In the week since my Connolly's column was published, my phone has rung off the hook, and my e-mail basket went into meltdown.
Folks anxious to talk about the loss of the rattletrap seafood venue that defied the march of time and Inner Harbor development were more than willing to share a few memories of long-ago meals there.
Robert I. Cottom, owner and publisher of the Chesapeake Book Co. and a Roland Park resident, wrote to say that he and his wife, Barb, had many happy memories of summer evenings at Connolly's.
"I can never forget how cold their air-conditioning was, or those 22-ounce tall glasses of frosted Bud and the saucy waitresses. Forcing Connolly's out amounted to a crime against civility," he wrote.
"One evening some young, toney and ignorant Washingtonians sat next to us. Clearly out of place in Connolly's. They looked around and gazed upon our steamed crabs with an expression that said, 'How disgustingly provincial,' " Cottom recalled.
"The waitress came over, in her Fifties retro black dress, and they asked what was fresh?
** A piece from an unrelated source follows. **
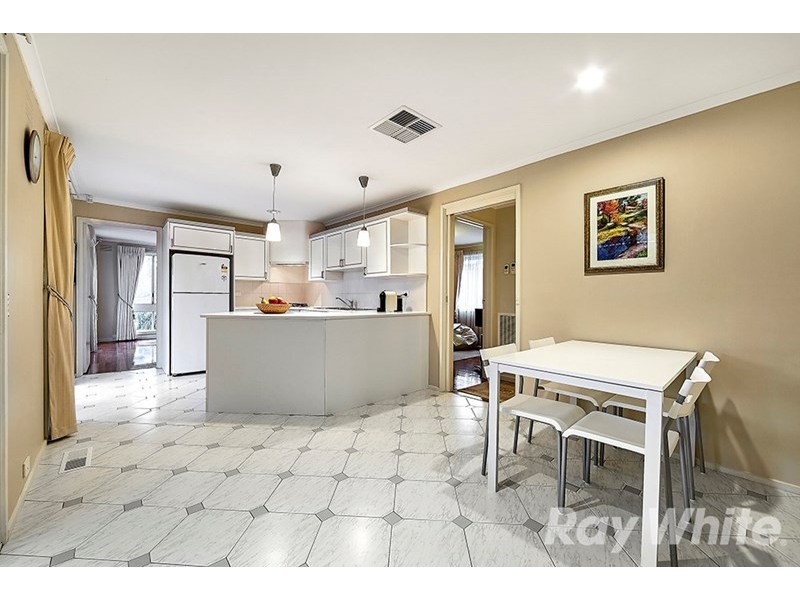 2 Gyton Avenue, Glen Waverley VIC 3150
"The waitress tapped her foot, cracked her gum and without looking up from her pad dismissed all pretension with a flat, 'It's ALL fresh, hon.' "
Risselle Rosenthal Fleisher, who lives in nearby Scarlett Place, was also a customer.
"I used to go to Connolly's, not every week like Mayor [William Donald] Schaefer and his mother, but from time to time. As I recall, everything there was fried," Fleisher said in an e-mail.
"Even so, I was sad at the time to hear that it had closed. It was really one of the last of those faded entities in a class with a 55-year-old former prom queen and the like," she wrote.
Connolly's inadvertently became a wedding backdrop for Jim and Marianne Eddins, former Baltimoreans who now own and operate Perdido Vineyards Winery in Perdido, Ala.
Eddins and his soon-to-be wife, who both worked at International Business Machines in Baltimore at the time, accompanied by their best man, Joe Byrnes, got hitched in a noontime City Hall ceremony in 1968.
"After the brief wedding, my new bride, Marianne, and I invited Joe Byrnes to have a seafood platter at Connolly's. It was a special meal to us, and then we returned to work at IBM," he wrote in an e-mail.